For all the talk about Georgia becoming a “purple” state, GOP officials had reason to take stock the day after Election Day last month and feel quite good about the state’s political landscape.

There was, however, one rather dramatic exception. NBC News reported overnight:

Democratic Sen. Raphael Warnock defeated Republican football star Herschel Walker on Tuesday in Georgia’s Senate runoff election, NBC News projects, handing President Joe Biden and his party a key win. Warnock’s victory will give Democrats an outright majority in the Senate after two years under a 50-50 divide, with Vice President Kamala Harris casting tie-breaking votes.

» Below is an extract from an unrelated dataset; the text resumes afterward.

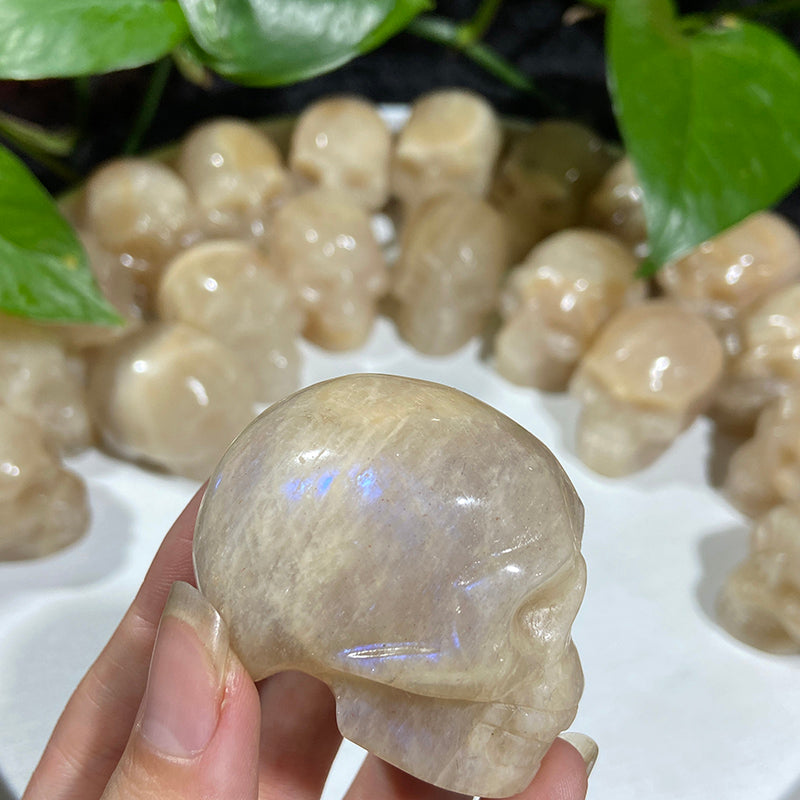 Blue Moonstone Skull Carvings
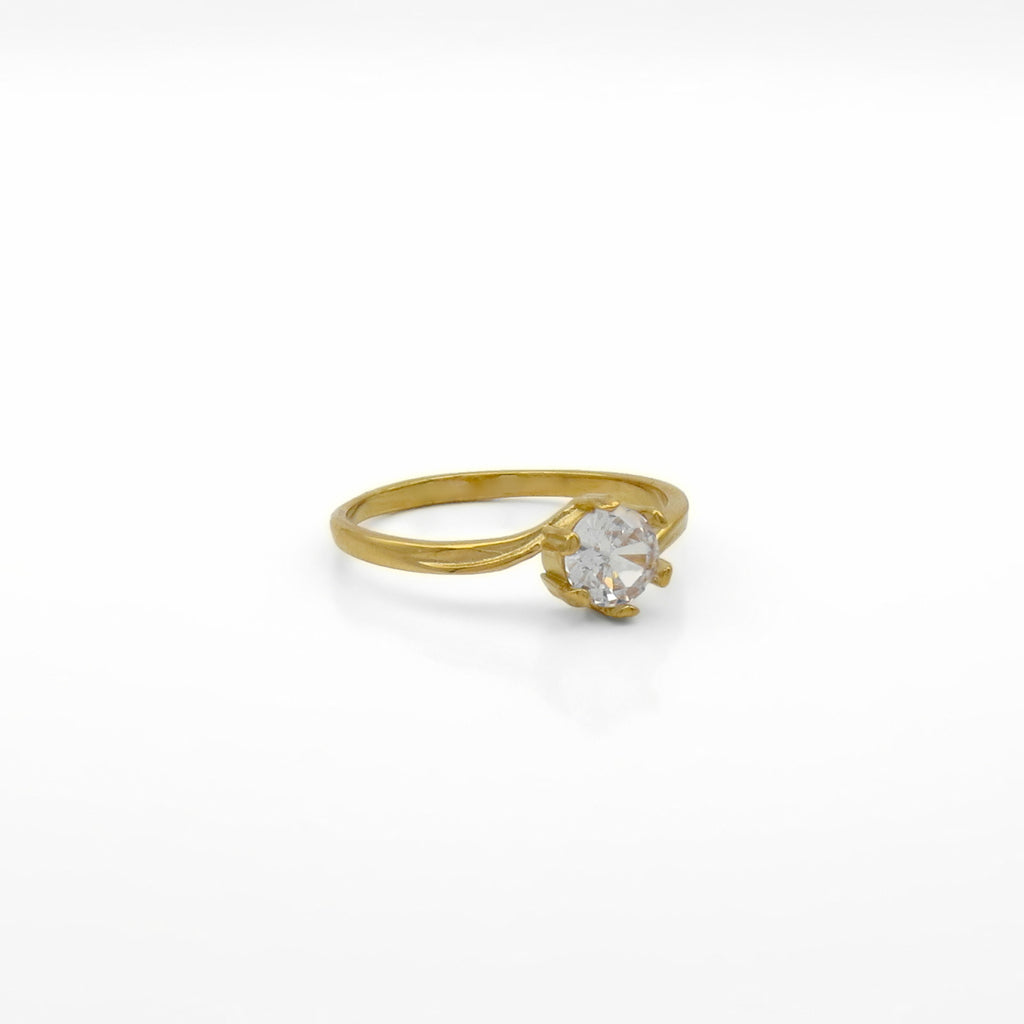 Stainless Steel Solitaire Ring with Round CZ Stone - Gold-Stainless Steel Rings-2-Glitters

Though some votes are still being tallied, it appears that the incumbent senator will prevail by roughly three points, which is in line with the expectations set by recent polling.

Similarly, Warnock’s win is the largest margin of victory for any Democratic Senate candidate in Georgia since 2000 — when former Gov. Zell Miller won with 58% support. (Miller was a conservative Democrat who ended up endorsing George W. Bush’s Republican re-election campaign four years later. Warnock is a qualitatively different kind of Democrat.)

As the dust settles on this dramatic contest, there’s no shortage of angles to keep in mind.

Herschel Walker was a uniquely ridiculous candidate

Ahead of yesterday’s balloting, Roll Call’s Stuart Rothenberg, who’s seen more than a few Senate races over the course of his career, said Walker was “as bad a candidate as I have ever seen.” The Guardian’s Jill Filipovic recently came to a similar conclusion: “It’s possible that Herschel Walker is the worst candidate the modern Republican party has ever run for national office, and in an era of conspiracy theorists, Christian nationalists and Donald Trump, that’s saying a lot.”

Even if we put aside the scandals, the breathtaking dishonesty, and the cringe-worthy ignorance, it was never altogether clear why Walker was running or what he intended to do with the Senate seat. He made no promises. He expressed few preferences. He never demonstrated any real interest in doing any meaningful work as a candidate for a powerful office. As recently as last week, he seemed to think he was running for a House seat.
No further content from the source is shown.